Directions for this task:
In the data below, find every line with the word "Black" and copy it.

[Caption-style text data]
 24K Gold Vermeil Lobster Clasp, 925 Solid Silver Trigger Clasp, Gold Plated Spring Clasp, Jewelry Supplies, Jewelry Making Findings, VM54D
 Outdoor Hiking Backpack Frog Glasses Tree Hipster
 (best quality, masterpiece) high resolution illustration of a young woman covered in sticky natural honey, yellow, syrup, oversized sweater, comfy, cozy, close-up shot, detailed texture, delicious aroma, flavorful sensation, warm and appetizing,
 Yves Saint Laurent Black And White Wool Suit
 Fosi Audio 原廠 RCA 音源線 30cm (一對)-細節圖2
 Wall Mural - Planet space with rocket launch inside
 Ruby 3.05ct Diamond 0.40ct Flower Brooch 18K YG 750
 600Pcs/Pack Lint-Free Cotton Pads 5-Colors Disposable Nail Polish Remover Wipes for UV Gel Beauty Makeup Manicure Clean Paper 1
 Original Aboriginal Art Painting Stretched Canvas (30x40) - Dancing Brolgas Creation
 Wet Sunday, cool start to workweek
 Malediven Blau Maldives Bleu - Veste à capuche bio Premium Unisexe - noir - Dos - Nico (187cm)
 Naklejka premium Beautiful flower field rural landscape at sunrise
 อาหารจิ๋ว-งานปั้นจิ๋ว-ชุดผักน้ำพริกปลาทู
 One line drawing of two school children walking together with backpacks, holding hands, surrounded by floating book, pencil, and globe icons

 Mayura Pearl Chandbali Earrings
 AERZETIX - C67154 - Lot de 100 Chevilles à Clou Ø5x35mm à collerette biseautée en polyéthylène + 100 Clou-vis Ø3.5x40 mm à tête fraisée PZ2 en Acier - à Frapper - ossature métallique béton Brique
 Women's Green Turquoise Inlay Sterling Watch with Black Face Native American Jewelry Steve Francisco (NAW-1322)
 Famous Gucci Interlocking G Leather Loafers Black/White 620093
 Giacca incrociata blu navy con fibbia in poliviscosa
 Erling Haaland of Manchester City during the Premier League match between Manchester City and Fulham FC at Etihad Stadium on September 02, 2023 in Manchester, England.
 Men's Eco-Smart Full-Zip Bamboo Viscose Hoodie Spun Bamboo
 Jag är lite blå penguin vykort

Your response:
 Yves Saint Laurent Black And White Wool Suit
 Women's Green Turquoise Inlay Sterling Watch with Black Face Native American Jewelry Steve Francisco (NAW-1322)
 Famous Gucci Interlocking G Leather Loafers Black/White 620093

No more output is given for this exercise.